„Notre Dame płonie” miał swoją polską premierę w sierpniu 2022 r. Reżyser to blisko osiemdziesięcioletni Jean – Jacques Annaud, francuski twórca… reklam telewizyjnych, ale także mistrz wielkich obrazów, takich jak m.in. „Czarne i białe w kolorze” (1977), „Walka o ogień” (1981), „Imię róży” (1986) czy „Wróg u bram” (2001). Każdy z tych tytułów zapisał się w historii kina!
I oto teraz Annaud powrócił opowieścią o walce z pożarem paryskiej katedry Notre – Dame…

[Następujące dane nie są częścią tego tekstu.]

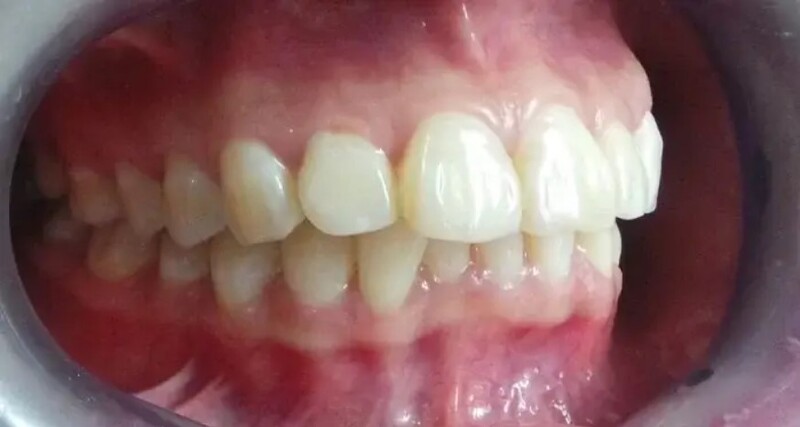 Đây là trường hợp mà chỉnh nha tác động trực tiếp hơn vào nguyên nhân gây hô.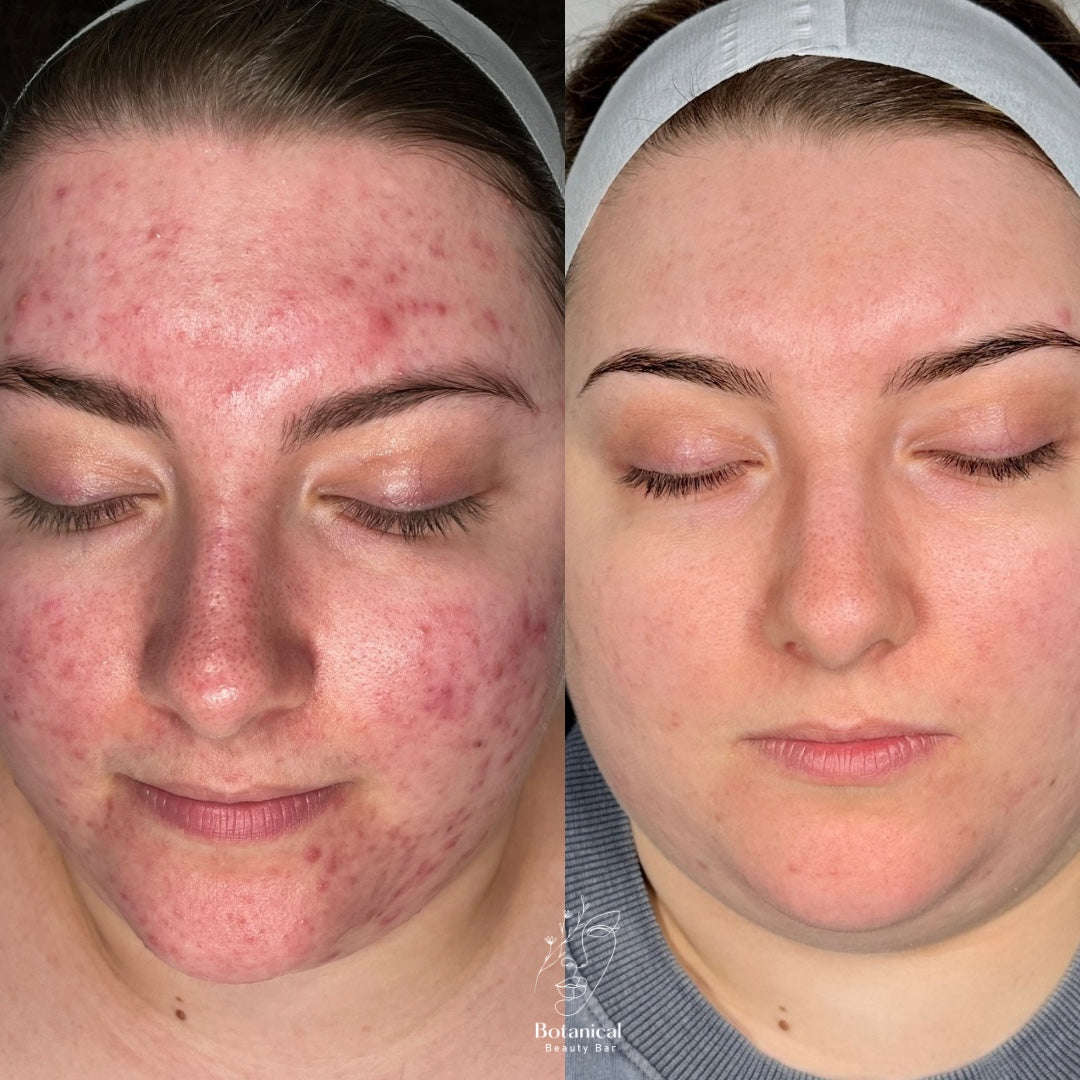 Botanical Beauty Bar client acne before and after skin result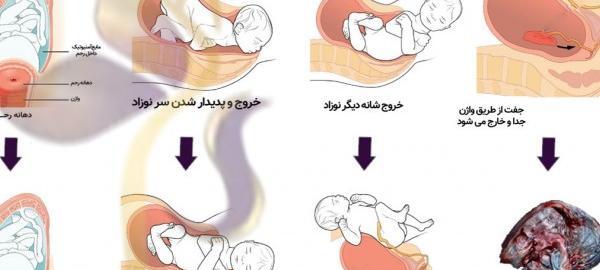عکس ترشحات نزدیک زایمان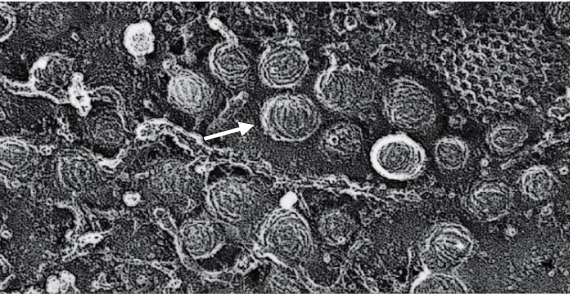 Cavéoline cryofracture.png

Muszę przyznać, że obejrzałem ten film na wdechu. Świetnie skomponowana fabuła, która nie pozwalała oderwać oczu od wielkiego ekranu. Dodajmy, że zbudowana w oparciu o mozolnie zebrane amatorskie filmy oraz relacje i opowieści świadków. Na początek, w scenach – pigułkach przemycane treści, pozwalające nawet laikowi zrozumieć, dlaczego dla Francji to takie ważne miejsce bez względu na to, czy ktoś jest wierzący, czy nie. Potem umiejętnie zasygnalizowane w kolejnych ujęciach zdarzenia, które potencjalnie – każde z nich z osobna, lub wszystkie razem – mogły stać się przyczyną pożaru. A dalej był już bałagan utrudniający podjęcie szybkiej akcji. I niedowierzanie, że to wszystko możliwe. I wreszcie powoli, ale jakoś tak niezauważalnie organizowana obrona przed wielkim ogniem. Ciągi niefortunnych zdarzeń i odwaga strażaków. Przypadkowe sytuacje i skuteczność w walce, także z chaosem. Zaangażowanie cywilnych pracowników katedry w ratowanie relikwii. Chwile rezygnacji, ale przede wszystkim determinacja. A w tle kilkugwiazdkowi generałowie pożarnictwa i milczący (bo i cóż ma powiedzieć?) Prezydent Macron. Wśród tłumu gapiów ze smartfonami widoczni ci, którzy zaczynają się modlić…
No właśnie, film o dramatycznych wydarzeniach w Paryżu z kwietnia 2019 r. jest bardzo subtelnie namalowanym obrazem… religijnym. Tam co chwila zdarza się „coś”, co w zasadzie da się odczytać racjonalnie, co nie oznacza przecież, że owo „ratio” będzie najlepszym, a przynajmniej jedynym wytłumaczeniem. Czujemy w tych scenach coś metafizycznego, jakąś obecność… czy może raczej Obecność? Także wśród uczestników akcji ratowniczej jakoś intensywniej dostrzegamy tych, którzy nie tylko z poczucia obowiązku, ale również z poczucia duchowej więzi z tym wyjątkowym miejscem i wykazują się inicjatywą. To oczywiście się nie narzuca, ale jest zauważalne dla każdego, kto nie zamyka się na sacrum. Dla nich pożar Notre – Dame w 2019 r. zdawał się być… może znakiem, zapowiedzią, albo nawet ostrzeżeniem? Zaś film francuskiego reżysera to niewątpliwie okazja do głębszej refleksji. Oczywiście twórca nie podsuwa w gotowej postaci żadnych odpowiedzi. Dlatego też dla pozostałych będzie to tylko dobrze zrealizowany film o płonącej katedrze i akcji gaśniczej.
Koniecznie trzeba obejrzeć fabularną interpretację wydarzeń, które jeszcze nie tak dawno na bieżącą śledziliśmy na ekranach telewizorów i komputerów. Wciąż mamy je przed oczami…
dr Waldemar Brenda
„Notre – Dame płonie”, prod. Francja, reż. Jean – Jacques Annaud, premiera 19 sierpnia 2022 r.